Floating selvedges are a great invention, but there are some choices to make regarding the ways to work with them. First of all, a floating selvedge is a single thread (usually), one on each side of the warp, that the weft always travels around as it goes from one edge of the warp to the other. They are only necessary if there are any sheds in the treadling repeat that leave down or raise the last thread on the edge for more than one pick in a row, which would mean that the weft would turn inside the last thread. They are therefore not necessary for weaving plain weave or any fabric with plain-weave selvedges. There are ways to treadle 4-shaft twills that can make them unnecessary, but I never like figuring that out and so I use them with all twills.

To become a floating selvedge, the last warp thread on each side of the warp is not threaded in a heddle, which means that it passes straight from front beam to back beam and is more or less in the middle of each opened shed (jack looms that don’t have much of a down shed place the floating selvedge closer to the bottom of the shed than to the top).
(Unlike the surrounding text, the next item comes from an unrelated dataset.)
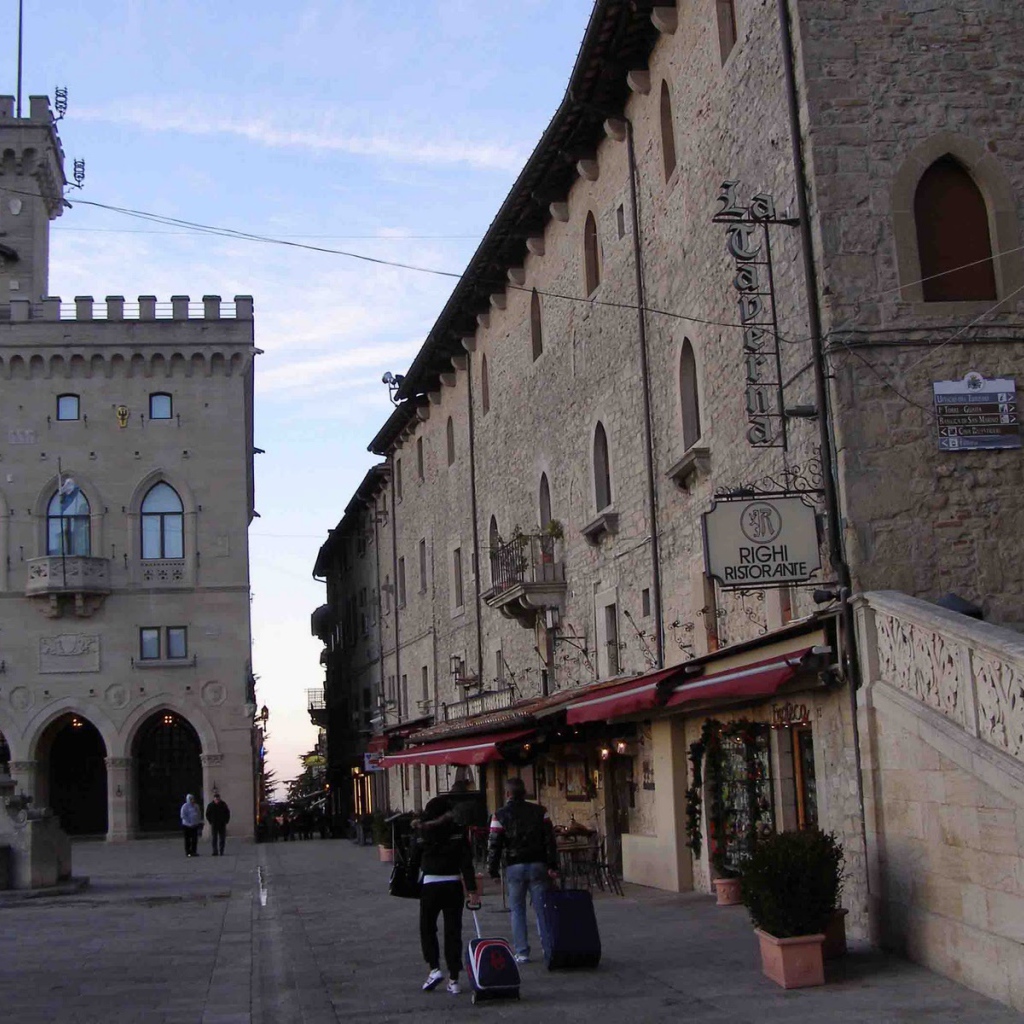 Главная площадь в Сан Марино, Италия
The shuttle then passes around the floating selvedge when it exits one shed and enters the next. The easiest way to do this is to take the shuttle into the shed over the floating selvedge and out of the shed under it. When it goes in, it is pretty easy to insert the shuttle close to the raised warp threads, thereby going over it, and also easy to catch the shuttle with the other  hand, while at the same time slightly lifting the floating selvedge so the shuttle passes under it easily.

The floating selvedge needs to be weighted, always really, because it does not take up as the weaving progresses the way the rest of the warp threads do; it would become looser and looser without weight. I like to beam the floating selvedges with the rest of the warp and simply hang a 3” S-hook on each one (slip it under the floating selvedge and take it over the back beam to rest under the warp beam). You never have to think about it again.

If you add floating selvedges after beaming, you will have to lark's head the S-hook to the floating selvedge near the floor and undo and retie it as it reaches the back beam during weaving. Many weavers use film canisters with coins inside for weights (or prescription drug bottles now that film canisters are no longer “available”), but I find opening a film canister (or child-proof drug bottle!) and pulling out a length of thread every time you need to advance the weights a most onerous task. In cases where I haven’t beamed a floating selvedge or I’m weighting a broken warp thread with an S-hook, I just let the length of thread I need rest on the floor (in the case of very long added floating selvedges, I’d place a cone of the yarn on the floor and pull from it).